Obscene Profits: Entrepreneurs of Pornography in the Cyber Age
Frederick Lane begins his book by flashing back to a 1997 Wall Street Journal article titled "Lessons for the Mainstream." The story profiled entrepreneur and former stripper Danni Ashe, who runs a popular X-rated Web site called Danni's Hard Drive.
What, Lane wonders, would lead the starched-collar newspaper to treat a big-boobs Web site as a straight - even congratulatory - business story? The answer, he decides, is revenues: Ashe told the Journal she was raking in $2 million a year with her site. Money changes everything.

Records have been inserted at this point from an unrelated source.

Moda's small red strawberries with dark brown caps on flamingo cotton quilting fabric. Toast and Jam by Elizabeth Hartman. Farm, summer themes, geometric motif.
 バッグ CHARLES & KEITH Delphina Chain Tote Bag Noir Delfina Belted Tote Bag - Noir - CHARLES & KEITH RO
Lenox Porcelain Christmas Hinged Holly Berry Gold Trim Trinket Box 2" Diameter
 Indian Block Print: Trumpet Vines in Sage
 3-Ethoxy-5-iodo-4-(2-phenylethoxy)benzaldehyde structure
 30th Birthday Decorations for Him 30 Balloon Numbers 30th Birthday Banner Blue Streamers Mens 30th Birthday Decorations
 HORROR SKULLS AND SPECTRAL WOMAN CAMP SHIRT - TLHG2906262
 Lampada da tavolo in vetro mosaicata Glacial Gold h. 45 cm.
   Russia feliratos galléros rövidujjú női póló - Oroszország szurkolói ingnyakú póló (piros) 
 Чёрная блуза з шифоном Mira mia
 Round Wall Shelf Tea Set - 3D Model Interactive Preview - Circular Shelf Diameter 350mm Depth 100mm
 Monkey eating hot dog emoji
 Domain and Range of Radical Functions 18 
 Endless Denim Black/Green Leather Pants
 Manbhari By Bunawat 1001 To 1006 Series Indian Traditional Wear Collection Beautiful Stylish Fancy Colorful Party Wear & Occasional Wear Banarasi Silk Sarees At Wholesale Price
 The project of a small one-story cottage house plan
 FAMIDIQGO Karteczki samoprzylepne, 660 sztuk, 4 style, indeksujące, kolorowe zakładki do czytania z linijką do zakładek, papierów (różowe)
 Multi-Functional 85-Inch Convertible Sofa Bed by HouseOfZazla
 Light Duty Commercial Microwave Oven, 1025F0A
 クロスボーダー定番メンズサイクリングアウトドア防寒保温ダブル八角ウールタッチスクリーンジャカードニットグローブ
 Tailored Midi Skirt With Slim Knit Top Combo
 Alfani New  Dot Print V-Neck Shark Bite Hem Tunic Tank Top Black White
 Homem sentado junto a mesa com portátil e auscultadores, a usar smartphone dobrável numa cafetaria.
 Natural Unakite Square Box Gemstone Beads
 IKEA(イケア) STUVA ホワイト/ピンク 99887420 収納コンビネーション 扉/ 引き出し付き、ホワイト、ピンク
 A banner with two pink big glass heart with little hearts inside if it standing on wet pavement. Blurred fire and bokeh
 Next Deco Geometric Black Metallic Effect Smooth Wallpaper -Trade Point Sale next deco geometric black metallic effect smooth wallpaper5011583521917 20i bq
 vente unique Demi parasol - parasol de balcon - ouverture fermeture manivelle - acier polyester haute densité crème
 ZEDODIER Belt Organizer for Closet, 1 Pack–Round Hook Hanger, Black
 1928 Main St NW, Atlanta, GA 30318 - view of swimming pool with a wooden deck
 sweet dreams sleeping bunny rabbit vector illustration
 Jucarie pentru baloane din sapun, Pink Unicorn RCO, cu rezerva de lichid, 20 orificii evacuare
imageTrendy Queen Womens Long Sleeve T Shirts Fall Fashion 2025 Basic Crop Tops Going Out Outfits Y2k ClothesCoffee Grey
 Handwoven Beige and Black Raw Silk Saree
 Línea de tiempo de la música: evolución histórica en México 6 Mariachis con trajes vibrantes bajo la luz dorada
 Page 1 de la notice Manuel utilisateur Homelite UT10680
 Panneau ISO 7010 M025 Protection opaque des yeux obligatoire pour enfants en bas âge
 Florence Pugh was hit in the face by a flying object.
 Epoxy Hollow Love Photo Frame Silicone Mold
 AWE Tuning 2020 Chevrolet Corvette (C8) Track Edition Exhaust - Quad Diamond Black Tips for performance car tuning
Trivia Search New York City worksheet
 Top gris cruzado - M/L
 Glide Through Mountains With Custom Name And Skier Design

With the advent of VCRs and the Internet, barriers to pornography's market entry were effectively bulldozed. While still not mainstream, pornography is now fairly widely accepted, with some 60,000 adult sites currently available. (Sex does sell, to the point that pornography has a greater market share of the entertainment industry than sporting events and live music performances together.) As a result, the industry is experiencing classic and not-so-classic shakeouts.
Sex sells. Already a ten-billion dollar business-and growing-most sex businesses require relatively low start-up costs and minimal equipment. No wonder retired porn stars, homemakers, college students, and entrepreneurs of every stripe are eager to jump on the smut band wagon. Following the money trail, or in this case, the telecom routes, the author reveals how some big phone companies are cashing in too. Obscene Profits offers a startling and entertaining new look at this very old business, and shows why pornography, in all of its variations, (videos, magazines, phone-sex, spy cameras, etc.), is one of the most profitable and popular new careers to come out of the electronic age.
The book is written in such a way that parallels can be made to other Internet enterprises.